Over 20 years I been working on the recognition of my true nature. It conscioussly started when I was abouth 17 years old that I read J. Krishnamurti and found a deeper sense of live. Later for almost 15 years I was member and associated with the Dutch part of the School of Economic Science based primarily on the philosophy of Advaita. In that time I received an initiation and mantra in the tradition of Shankara. With ups and downs I practised jappa for abouth 10 years. This al came to an end after I was blessed to visit Ramana Ashram Tiruvanamalai in year 2000. Then new doubts and self-enquiry begin to live.

However, until I was 30 my live was filled with survival because I was always in a fight with the world and most of the time wrapped up in maya. Now I am so to speak 43 and slowly have entered more calm waters and more be able to dive inside.
January this year I received your records with the satsangs from Robert Adams wich has a deep impact on my being. I listen with great love and an open heart daily: before sleeping; driving the car to work; walking in the woods; and streched out on the couch. I feel blessed receiving the teachings of Robert Adams, it is a great treasure and reading this over tears of grace are not far away. Robert has deepen my understanding and make me a more sensitive being.
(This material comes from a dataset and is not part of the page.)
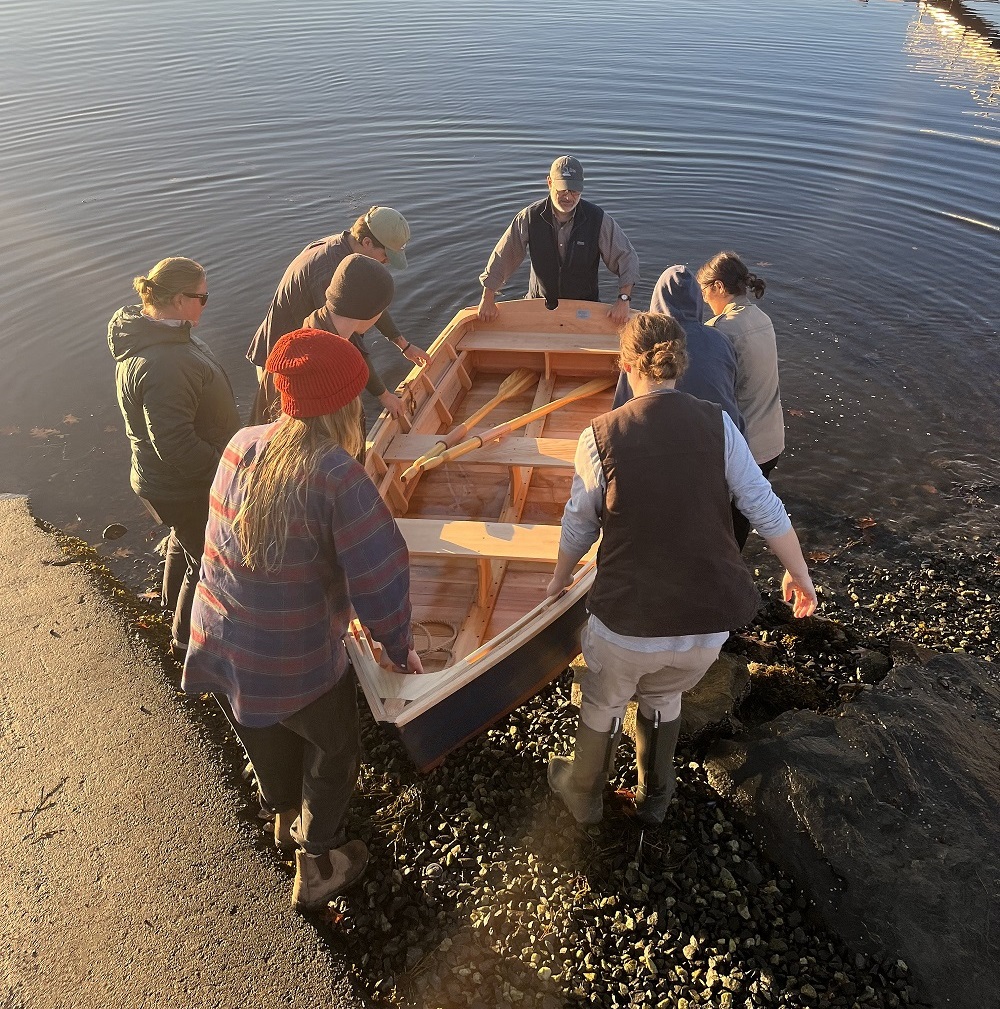 Carpenter’s Boat Shop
Daily (for as far my responsibilitys let me go) I am sitting for longer periods in contemplation with crossed leggs on the couch. I am resting with my back in the couch so it is not a formal posture. I keep my eyes closed and be aware of the movements and turmoil of body and mind. After some time they become to slow down and ‘I am’ be aware of looking with eyes closed. The sensory organs become more alert and the mind slows further down. When toughts and dreams arise in the mind I frequently ask the question: “To whom do these thoughts arise?, etc..”  This self-enquiry mostly ends with the thought of: “I, I…”, and simple awareness.

Stil it is not really clear to me what it means to abide in the ‘I’. To me it stays with a more and more slowing down of the mind and sensory clearness where by the ‘sensory’ impressions and the body become so to say a ocean of energy without any limits or centre. However this experience or state of consciousness seems most of the time a conceptualizing and intellectual game.
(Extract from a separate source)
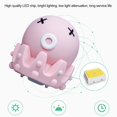 thumbnail image 4 of Bedside Lamp Create Atmosphere Touch Control Useful USB Charging Cartoon Animal LED Night Light Party Favor, 4 of 4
I keep practising and resting in this sitting for at least an hour whereby I am falling sometimes in a dreaming or sleeping state of consciousness. Then sometimes ‘I am’, suddenly wake up with a shock and a remarkeble clearness of mind and awarenes remaines. This clear awarness of being sometimes also appears gradualy when just watching the mind proces.

I humble want for ask for guidance.

Can/do you advise a more formal posture for meditation? I can sit with my back straight if needed but I am reserved with using any form of pressure or strength. Is there any use in practising meditation (sitting) when I am tired of work and falling asleep?

Is there any real difference in waching the mind process and self-enquiry as tought by Robert Adams? Your support, any guidance and confirmation is more then welcome.

Pranams,
D.

RESPONSE:

Hi D.,

Strong posture really helps to get into samadhi.

The problem with Robert's method af asking who something comes to, is it is basically on the level of mind and you are ready to go beyond. That is, asking, "Who am I?," or "To whom does this come?" is a beginner's type of self inquiry.

Attached is the Nisargadatta Gita. Download it and print it out. Put it in a 3 ring binder and read it every morning for just a few pages. Then ponder its meaning and then meditate on the I Am.

Try this for 2-3 weeks and report back. You should make a lot of progress with this technique.

Remember, Robert never practiced any technique, so he taught many different beginners techniques. He was spontaneously awakened.

Try to sit half lotus with no support for at least 30 minutes after reading the Gita and pondering.